Data listing ::
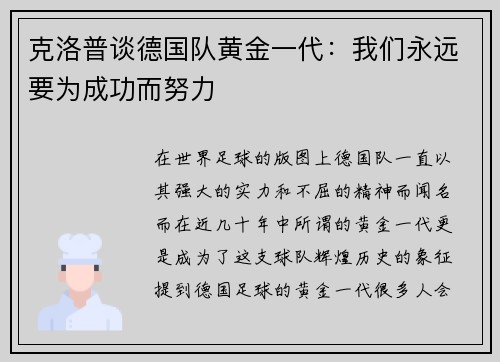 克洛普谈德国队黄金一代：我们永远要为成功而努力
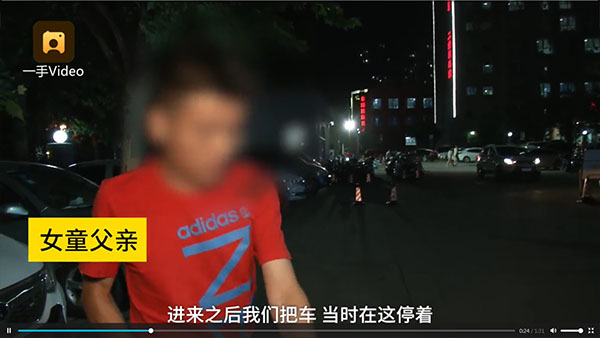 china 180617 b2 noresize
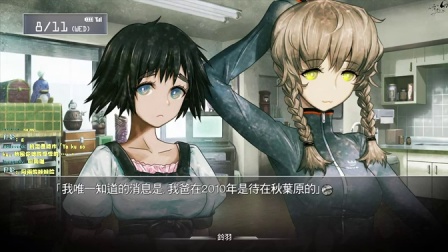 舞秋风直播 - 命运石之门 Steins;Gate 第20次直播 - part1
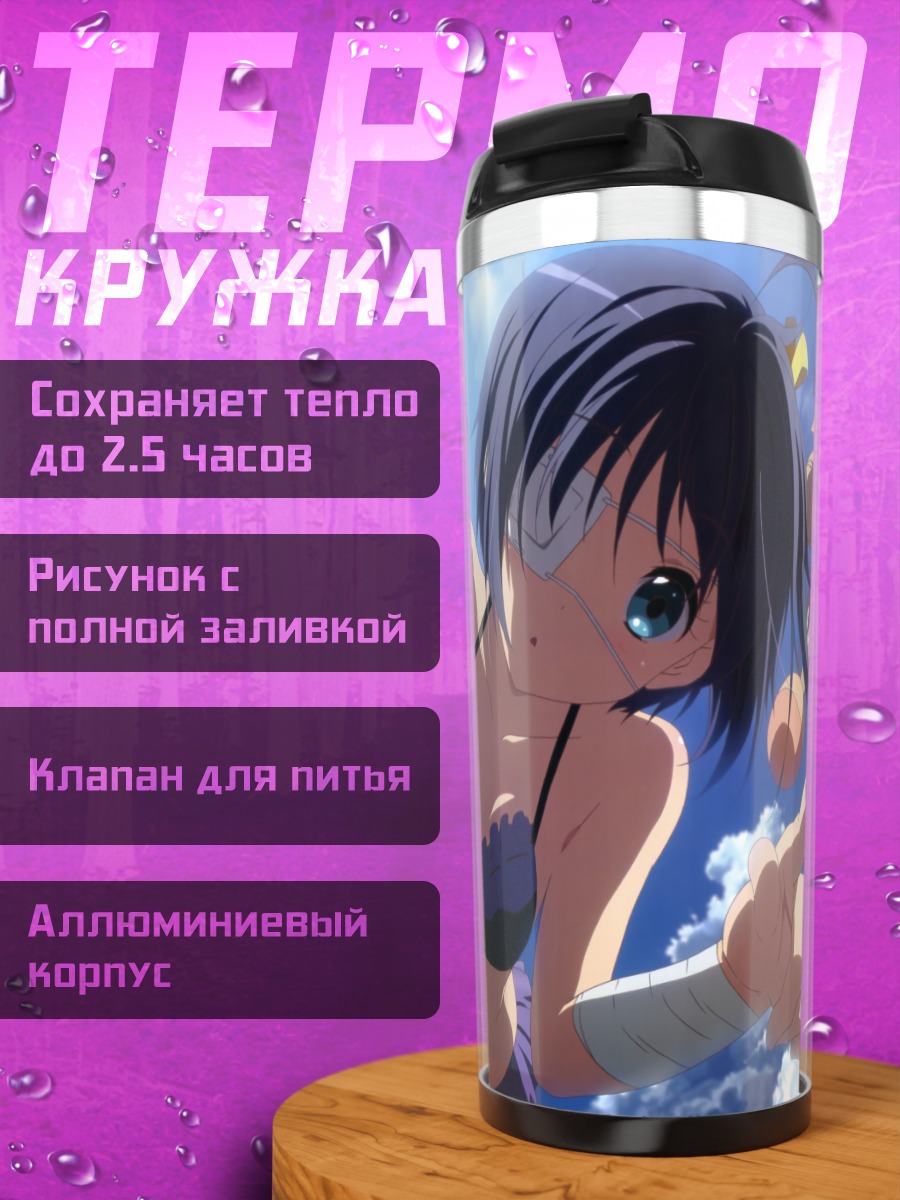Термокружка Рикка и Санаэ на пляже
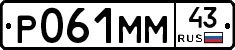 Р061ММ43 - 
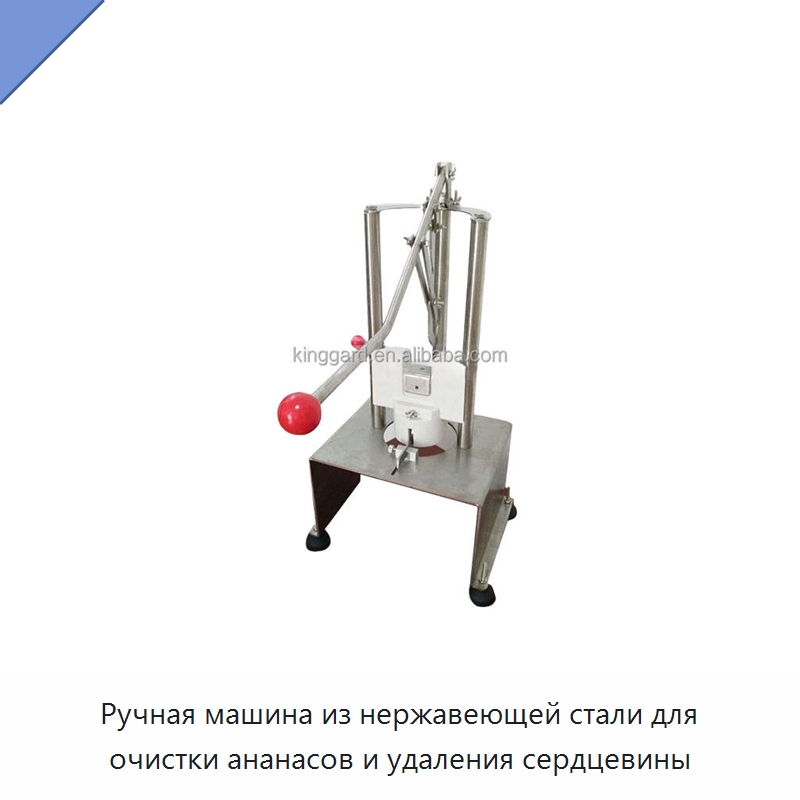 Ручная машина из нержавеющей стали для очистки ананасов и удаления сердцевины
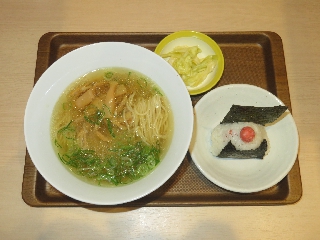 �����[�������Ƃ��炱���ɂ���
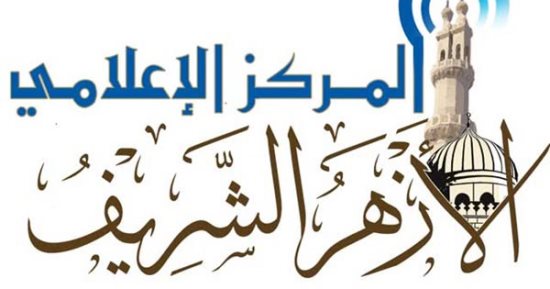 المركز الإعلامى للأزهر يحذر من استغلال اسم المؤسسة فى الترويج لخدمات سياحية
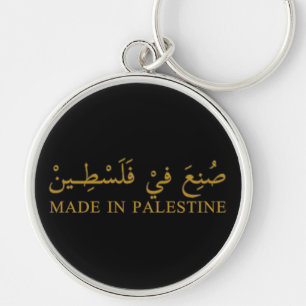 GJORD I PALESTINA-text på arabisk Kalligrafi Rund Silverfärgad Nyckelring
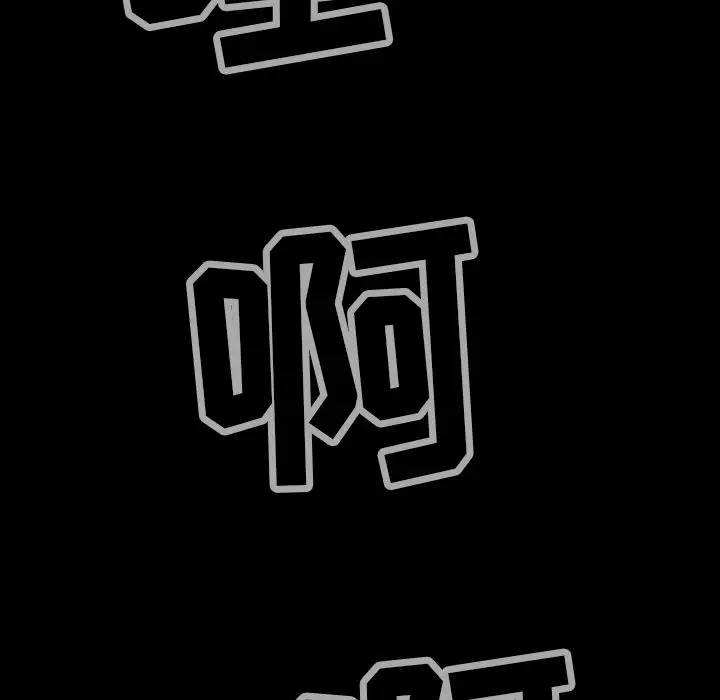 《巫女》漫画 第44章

Your assignment :: Set the entries down exactly, but not the pictures.

Written answer ::
 克洛普谈德国队黄金一代：我们永远要为成功而努力
 china 180617 b2 noresize
 舞秋风直播 - 命运石之门 Steins;Gate 第20次直播 - part1
Термокружка Рикка и Санаэ на пляже
 Р061ММ43 - 
 Ручная машина из нержавеющей стали для очистки ананасов и удаления сердцевины
 �����[�������Ƃ��炱���ɂ���
 المركز الإعلامى للأزهر يحذر من استغلال اسم المؤسسة فى الترويج لخدمات سياحية
 GJORD I PALESTINA-text på arabisk Kalligrafi Rund Silverfärgad Nyckelring
 《巫女》漫画 第44章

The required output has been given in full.